Museum in Lahti, Finland

Lahti Ski Museum is a sports museum located in Lahti, Finland, specialising in skiing and other winter sports. It is situated in the city's main sports complex adjacent to the Salpausselkä ski-jumping venue.

==History==
The museum traces its roots back to 1959, when the first exhibits were put on by the local winter sports club, Lahden Hiihtoseura (literally, 'Lahti skiing society'). The City of Lahti took over the activity in 1974, and the museum has formed part of the Lahti municipal museum since.

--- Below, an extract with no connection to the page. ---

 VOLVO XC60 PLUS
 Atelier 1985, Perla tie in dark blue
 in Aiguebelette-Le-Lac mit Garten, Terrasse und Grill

The first purpose-built facility opened in 1989, designed by architect Esko Hämäläinen. The exterior of the building was redesigned in 2000 (shown in the picture) by Pekka Salminen, and the entire building underwent a renovation in 2017.

==Exhibits==
As of 2020, the permanent core exhibition, titled 'Sense of Skiing' (Hiihdon henkeä), charts the history of skiing and ski equipment, as well as of the annual Lahti Ski Games which have taken place since 1923.

Additional exhibitions focus on themes such as the history of women's competitive skiing, the evolution of ski design, ski-jumping, etc.

Among the exhibits, the medals of the Finnish ski-jumping legend Matti Nykänen are on display at the museum.

There are also interactive displays, where visitors can try their hand at biathlon shooting with an infrared rifle, or experience ski-jumping with the help of a simulator.

==Visitors==
In 2018, Lahti Ski Museum was visited by 15,800 museum-goers. In 2019, this increased to over 21,000, according to the published figures by City of Lahti.

Lahti Ski Museum participates in the nationwide 'Museum Card' (Museokortti) initiative of the Finnish Museums Association, which for an annual fee allows unlimited entry to over 300 venues across Finland.

Visitors under the age of 18 can visit the Lahti city museums, including the Ski Museum, free of charge.